What is needed is a faithful transcription of all the data below, pictures excluded.

### Provided data
+++

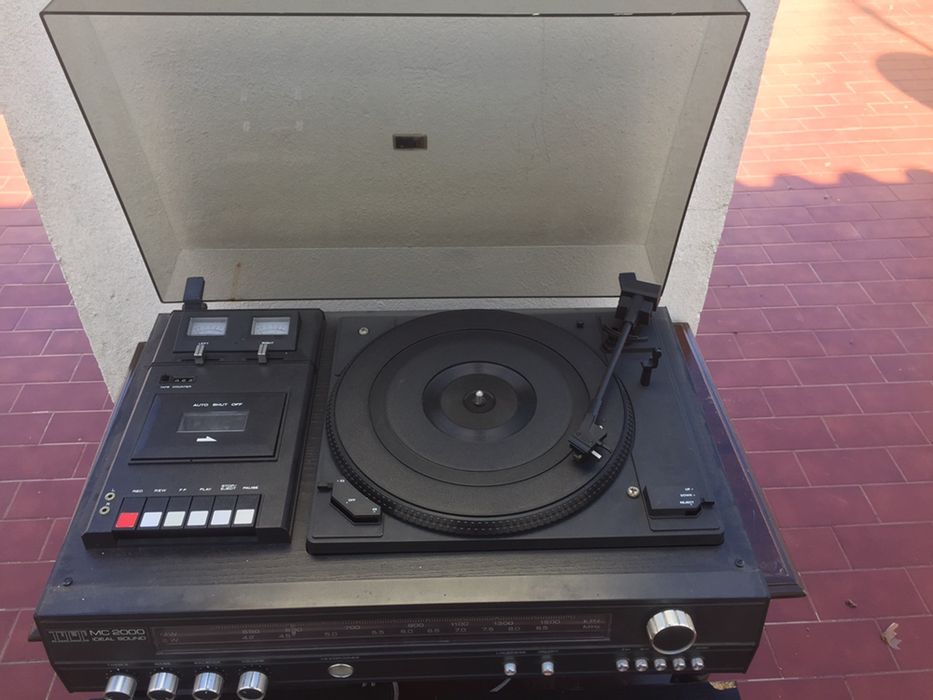 ITT Turntable (with Radio & Cassette Player)64751663973122123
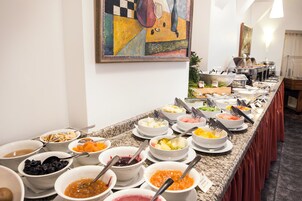 Se ofrece un desayuno continental entre semana (por un coste adicional)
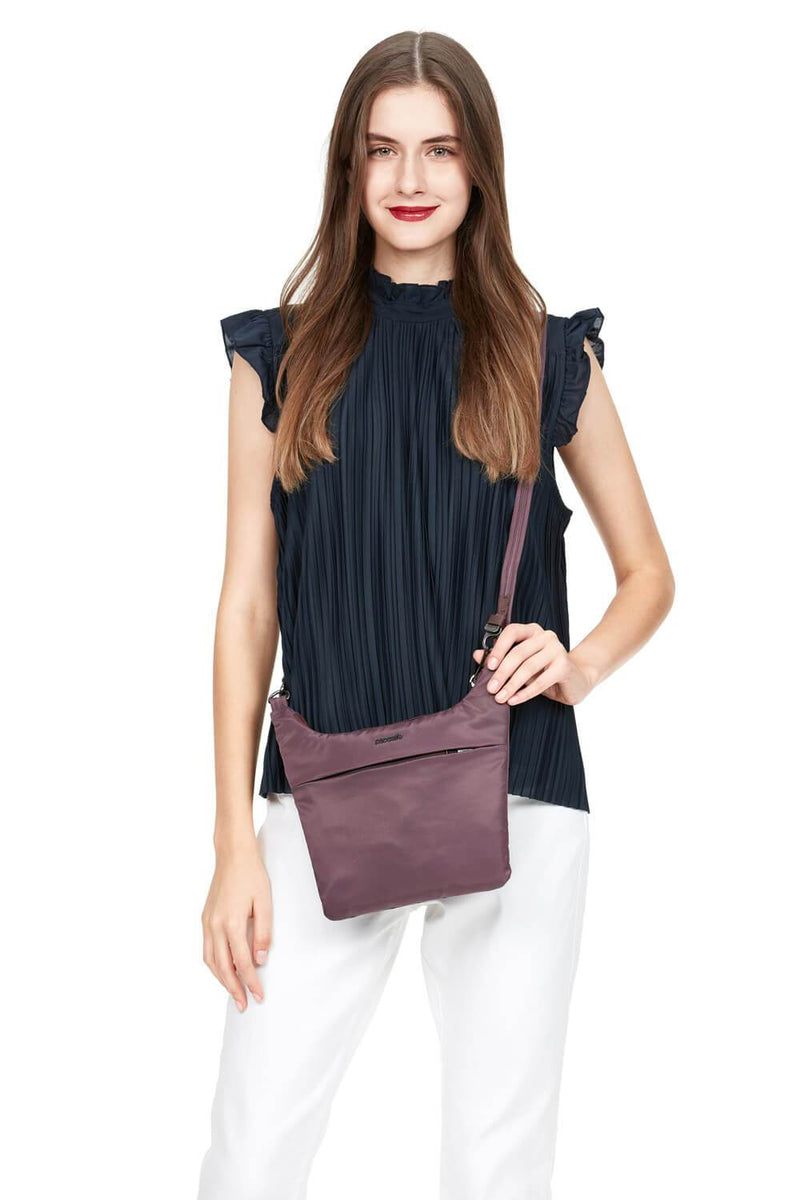 Cruise Anti-Theft On The Go Crossbody Pinot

+++

### Answer to this problem
 ITT Turntable (with Radio & Cassette Player)64751663973122123
 Se ofrece un desayuno continental entre semana (por un coste adicional)
 Cruise Anti-Theft On The Go Crossbody Pinot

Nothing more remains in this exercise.